Complete twenty years have passed. 18. In the case of S. Guin and others Vs. Grindlays Bank Ltd., (1986) AIR SC 289 , Radhe Shyam Vs. State of Uttar Pradesh, (2008) 14 SCC 558 , Nand Kishore Vs. State of Rajasthan, (1997) CriLJ 2471 . Hon'ble Apex Court has considered the aspect of delayed trial. Therefore, in the facts and circumstances of the case wherein petitioner comes from lower strata and possibility of animosity between the parties cannot be ruled out and the fact that he is facing litigation for last 20 years and the hanging sword of litigation must have haunted him in these years, therefore, cumulatively, case for consideration to the extent of converting the sentence to already undergone is imperative in the interest of justice. 19. From the submissions of learned counsel for the petitioner and from record, it appears that petitioner has suffered more than period of custody i.e. four and half months tentatively of incarceration and evidence against him is not so overwhelmingly implicative which may persuade this Court to affirm the conviction and sentence with conviction.

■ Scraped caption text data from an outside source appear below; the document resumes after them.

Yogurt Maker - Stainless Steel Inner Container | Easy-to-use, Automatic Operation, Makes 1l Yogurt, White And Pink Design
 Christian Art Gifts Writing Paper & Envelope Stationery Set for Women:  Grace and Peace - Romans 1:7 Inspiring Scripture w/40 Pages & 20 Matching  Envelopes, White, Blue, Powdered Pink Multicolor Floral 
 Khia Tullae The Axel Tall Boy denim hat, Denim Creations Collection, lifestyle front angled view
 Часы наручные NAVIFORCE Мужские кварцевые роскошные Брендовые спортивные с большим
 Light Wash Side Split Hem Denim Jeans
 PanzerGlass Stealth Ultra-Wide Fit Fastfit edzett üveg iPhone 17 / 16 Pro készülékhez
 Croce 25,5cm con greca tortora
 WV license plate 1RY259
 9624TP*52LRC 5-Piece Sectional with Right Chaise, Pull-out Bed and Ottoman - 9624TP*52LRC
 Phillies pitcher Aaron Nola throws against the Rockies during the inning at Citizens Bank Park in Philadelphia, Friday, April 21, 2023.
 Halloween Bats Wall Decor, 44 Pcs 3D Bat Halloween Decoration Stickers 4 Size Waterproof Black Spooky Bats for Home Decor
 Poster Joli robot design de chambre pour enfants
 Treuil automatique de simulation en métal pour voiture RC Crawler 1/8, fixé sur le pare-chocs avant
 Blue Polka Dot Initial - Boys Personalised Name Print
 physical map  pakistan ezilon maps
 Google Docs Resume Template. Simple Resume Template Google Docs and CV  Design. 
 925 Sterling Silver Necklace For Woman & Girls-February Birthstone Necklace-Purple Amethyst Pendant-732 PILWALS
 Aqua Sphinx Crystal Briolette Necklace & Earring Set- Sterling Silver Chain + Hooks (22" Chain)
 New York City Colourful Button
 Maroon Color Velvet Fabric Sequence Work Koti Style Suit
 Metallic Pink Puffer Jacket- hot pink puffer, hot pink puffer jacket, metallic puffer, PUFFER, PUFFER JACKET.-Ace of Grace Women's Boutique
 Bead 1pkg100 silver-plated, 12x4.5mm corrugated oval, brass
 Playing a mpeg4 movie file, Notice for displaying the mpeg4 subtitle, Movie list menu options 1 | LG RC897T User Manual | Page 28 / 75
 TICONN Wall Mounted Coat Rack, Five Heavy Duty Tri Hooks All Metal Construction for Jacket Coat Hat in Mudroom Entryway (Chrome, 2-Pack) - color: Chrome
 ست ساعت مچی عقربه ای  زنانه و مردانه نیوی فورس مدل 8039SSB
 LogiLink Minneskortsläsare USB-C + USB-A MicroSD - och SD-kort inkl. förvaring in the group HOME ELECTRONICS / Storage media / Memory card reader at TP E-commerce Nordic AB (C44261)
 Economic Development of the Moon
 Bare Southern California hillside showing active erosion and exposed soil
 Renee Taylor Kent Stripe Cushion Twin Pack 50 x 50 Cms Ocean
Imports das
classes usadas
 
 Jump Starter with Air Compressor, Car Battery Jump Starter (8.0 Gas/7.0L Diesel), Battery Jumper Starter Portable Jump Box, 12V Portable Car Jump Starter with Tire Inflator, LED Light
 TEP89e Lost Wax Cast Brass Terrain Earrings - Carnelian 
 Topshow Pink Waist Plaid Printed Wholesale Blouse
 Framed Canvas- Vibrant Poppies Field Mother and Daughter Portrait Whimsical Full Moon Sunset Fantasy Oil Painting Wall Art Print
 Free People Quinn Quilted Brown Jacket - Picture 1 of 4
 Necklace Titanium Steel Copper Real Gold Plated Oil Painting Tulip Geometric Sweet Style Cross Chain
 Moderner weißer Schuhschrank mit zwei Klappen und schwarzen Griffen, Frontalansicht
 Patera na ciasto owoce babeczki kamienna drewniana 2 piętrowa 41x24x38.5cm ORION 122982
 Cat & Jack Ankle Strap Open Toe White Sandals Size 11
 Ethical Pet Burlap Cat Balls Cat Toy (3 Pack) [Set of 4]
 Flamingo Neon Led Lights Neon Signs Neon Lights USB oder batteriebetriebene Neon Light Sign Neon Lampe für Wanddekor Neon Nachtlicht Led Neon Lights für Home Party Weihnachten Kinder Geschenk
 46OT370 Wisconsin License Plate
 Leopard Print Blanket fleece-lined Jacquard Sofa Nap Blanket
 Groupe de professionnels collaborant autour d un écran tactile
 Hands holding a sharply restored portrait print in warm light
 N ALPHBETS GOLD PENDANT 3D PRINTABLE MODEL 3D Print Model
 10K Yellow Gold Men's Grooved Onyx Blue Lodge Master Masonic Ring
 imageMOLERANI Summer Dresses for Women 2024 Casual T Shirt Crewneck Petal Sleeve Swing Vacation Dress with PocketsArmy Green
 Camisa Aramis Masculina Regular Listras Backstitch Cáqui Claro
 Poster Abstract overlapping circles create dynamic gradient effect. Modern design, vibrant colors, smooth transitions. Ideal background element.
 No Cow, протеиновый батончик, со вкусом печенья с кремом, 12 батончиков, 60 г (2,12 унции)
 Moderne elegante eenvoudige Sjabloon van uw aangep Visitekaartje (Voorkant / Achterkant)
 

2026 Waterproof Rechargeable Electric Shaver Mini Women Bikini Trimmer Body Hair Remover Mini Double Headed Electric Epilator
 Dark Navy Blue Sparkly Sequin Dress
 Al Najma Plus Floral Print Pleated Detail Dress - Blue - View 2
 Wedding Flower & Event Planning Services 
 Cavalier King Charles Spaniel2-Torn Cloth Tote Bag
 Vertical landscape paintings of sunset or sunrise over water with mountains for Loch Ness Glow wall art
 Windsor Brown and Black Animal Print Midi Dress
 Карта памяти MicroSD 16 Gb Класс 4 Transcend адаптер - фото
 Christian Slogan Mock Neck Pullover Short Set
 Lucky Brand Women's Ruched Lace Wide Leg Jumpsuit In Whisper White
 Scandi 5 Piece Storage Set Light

A tentativeness in the case of prosecution persuades this court further (in addition to other circumstances like protracted trial and first offence of accused) that this court intends to accept the alternative plea of counsel for the petitioner and affirm the conviction but modify the sentence to the extent of sentence already undergone by the petitioner and fine amount has been enhanced from Rs.500/- to Rs.5000/- which shall have been to be paid by the petitioner within three months from the date of judgment and shall have to deposit before the trial court and trial court shall disburse the said amount to the victim or her LRs if she is not alive. It is made clear that if petitioner fails to deposit the said amount within the stipulated period then he shall have to suffer full jail sentence of one year (excluding already suffered jail sentence). 20. Petitioner is already on bail, therefore, his bail bonds stand discharged and impugned judgment of both the courts below are modified to the extent indicated above. 21. The present criminal revision stands allowed and disposed of with aforesaid modification.